OVG Bautzen: Der Anspruch auf einen KiTa-Platz steht nicht unter einem Kapazitätsvorbehalt

Joachim Schwede Archiv 1 Kommentar

Mit einem Beschluss vom 7.6.2017 (Az. 4 B 100/17) hat das Oberverwaltungsgericht (OVG) Bautzen im Rahmen eines Eilverfahrens die Stadt Leipzig dazu verpflichtet, dem antragstellenden Kind bis zur Entscheidung in der Hauptsache für die Wochentage Montag bis Freitag einen Betreuungsplatz von jeweils mindestens 7 Stunden in der Zeit zwischen 9.00 Uhr und 17.00 Uhr zur frühkindlichen Förderung in einer Kindertageseinrichtung oder einer Kindertagespflege zur Verfügung zu stellen, der unter Inanspruchnahme von öffentlichen Verkehrsmitteln in nicht mehr als 30 Minuten von der Wohnung des Kindes erreichbar ist.

Die Kernaussagen der Entscheidung sind:

1. Der Anspruch aus § 24 Abs. 2 SGB VIII steht nicht unter einem Kapazitätsvorbehalt.

2. Die vom Träger der öffentlichen Jugendhilfe vorgetragene Unfähigkeit, einen Platz zur frühkindlichen Förderung zur Verfügung zu stellen, steht weder dem Anordnungsanspruch noch dem Anordnungsgrund für eine einstweilige Anordnung entgegen.

3. Im Rahmen von § 24 Abs. 2 SGB VIII konkurrieren Gleichaltrige von Rechts wegen nicht um zu wenige Kinderkrippenplätze, sondern haben jeweils einen unbedingten Anspruch auf frühkindliche Förderung.

Zur – sich aufdrängenden – Frage, woher diese Plätze denn kommen sollen, führt das Gericht lapidar aus: “Ebenfalls ohne Einfluss auf den Anordnungsgrund ist die von der Antragsgegnerin vorgetragene Unfähigkeit, der Antragstellerin einen Platz zur frühkindlichen Förderung zur Verfügung zu stellen.

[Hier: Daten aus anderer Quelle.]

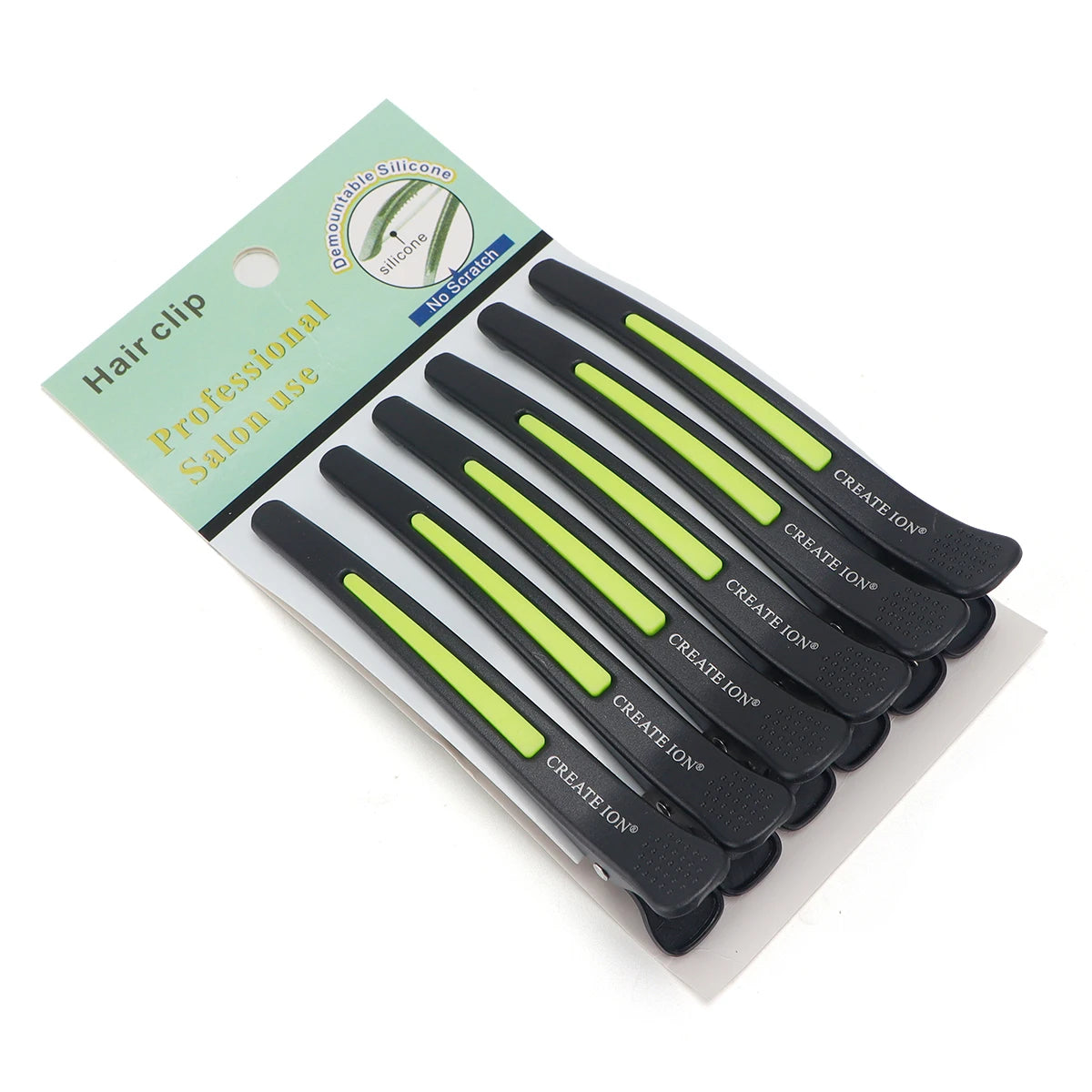 6pcs Hairdressing Traceless Hair Clips Makeup Seamless Clip Barber Haircutting Fixed Tools Salon Styling Hair Barrettes Supplies Peaceful Pleasures Health and Wellness black-green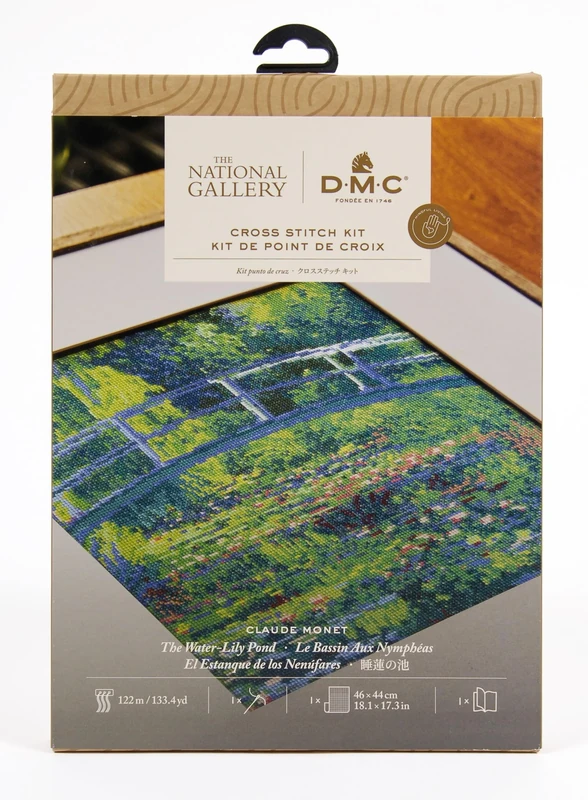 DMC - Museum Collection - Water Lily Pond Cross Stitch Embroidery Kit - 1 Set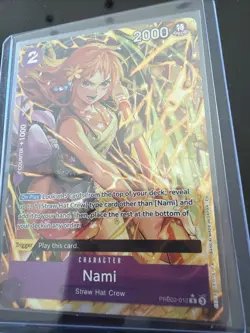 Nami PRB02-012 THE BEST VOL. 2 Alternate Art Parallel One Piece TCG ENGLISH NM - Image 3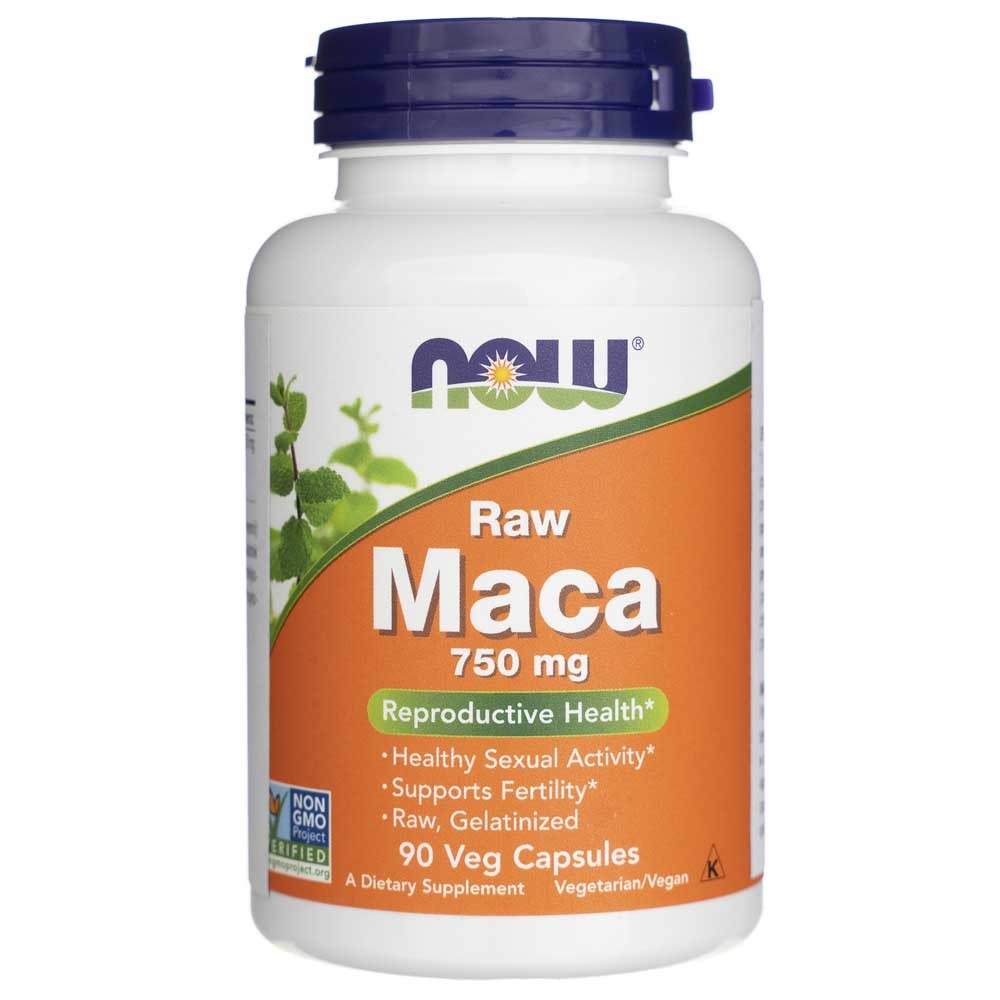 Now Foods Maca 750 mg 90 kapsulas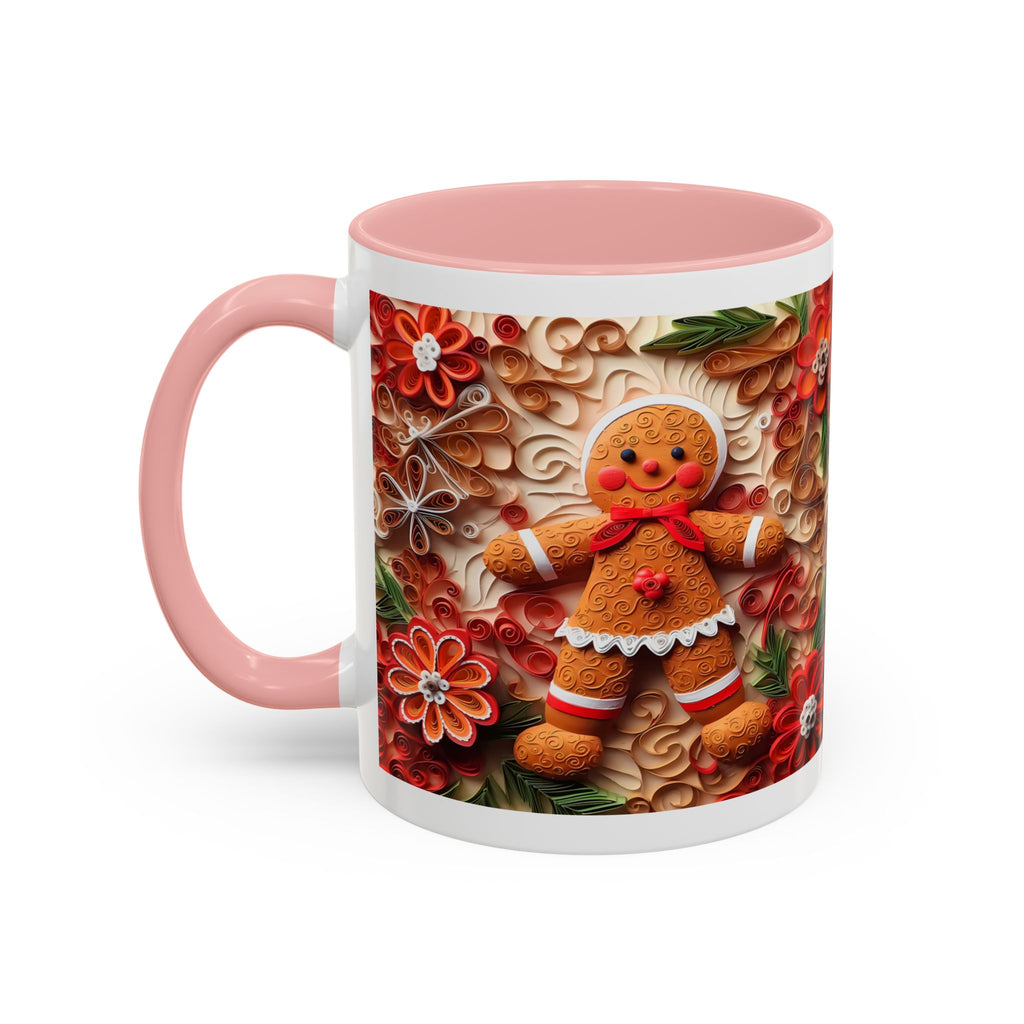 Gingerbread Christmas Coffee Mug, Festive Holiday Drinkware, Cute Gingerbread Man Mug, Winter Gift Idea, Coziness for Your Mornings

Diese Unfähigkeit hat lediglich zur Folge, dass der hier von der Antragstellerin beschrittene Rechtsweg als unzumutbar angesehen werden würde, wenn ihre Eltern willens und in der Lage wären, für sie eine als geeignet und erforderlich angesehene Förderungsmöglichkeit selbst zu beschaffen (…). Die Titulierung dient mit der dadurch folgenden Möglichkeit der ggf. wiederholten Vollstreckung nach § 172 VwGO dazu, die Antragsgegnerin zu veranlassen, bestehende Hindernisse für die Erfüllung des Anspruchs aus § 24 Abs. 2 SGB VIII zu beseitigen. Auch in der Hauptsache spielt die aktuelle Unfähigkeit zur Anspruchserfüllung keine Rolle und die Antragsgegnerin hat eine Titulierung zu erwarten.”
Mit anderen Worten: Auch in der Hauptsache wird das Verfahren nicht anders ausgehen.

Die Entscheidung ist hanebüchen. Selbst wenn man davon ausgehen wollte, dass das Gericht nicht verpflichtet ist, sich die Gedanken zu machen, die sich Politik und Verantwortliche in den Kommunen ganz offensichtlich nicht oder nicht ausreichend gemacht haben, kann doch wohl erwartet werden, dass man dortselbst in einer Entscheidung berücksichtigen muss, dass es Kapazitätsprobleme gibt, auf die die Träger der Jugendhilfe schlichtweg keinen Einfluss haben, so z.B. den eklatanten Mangel an qualifizierten ErzieherInnen.

Folge dieser Entscheidung wird vielmehr sein, dass die Kommunen zukünftig eine gewisse Quote von Plätzen nicht hergeben, um auf solche Entscheidungen vorbereitet zu sein. Damit haben die klagewütigen Eltern ihr Ziel erreicht, auf Kosten anderer Kinder….

Über den Autor: Joachim Schwede

Joachim Schwede Rechtsanwalt aus Aichach
Ihr Berater zu Fragen im Arbeits-, Sozial -, Arbeitsschutz- und KiTa-Recht.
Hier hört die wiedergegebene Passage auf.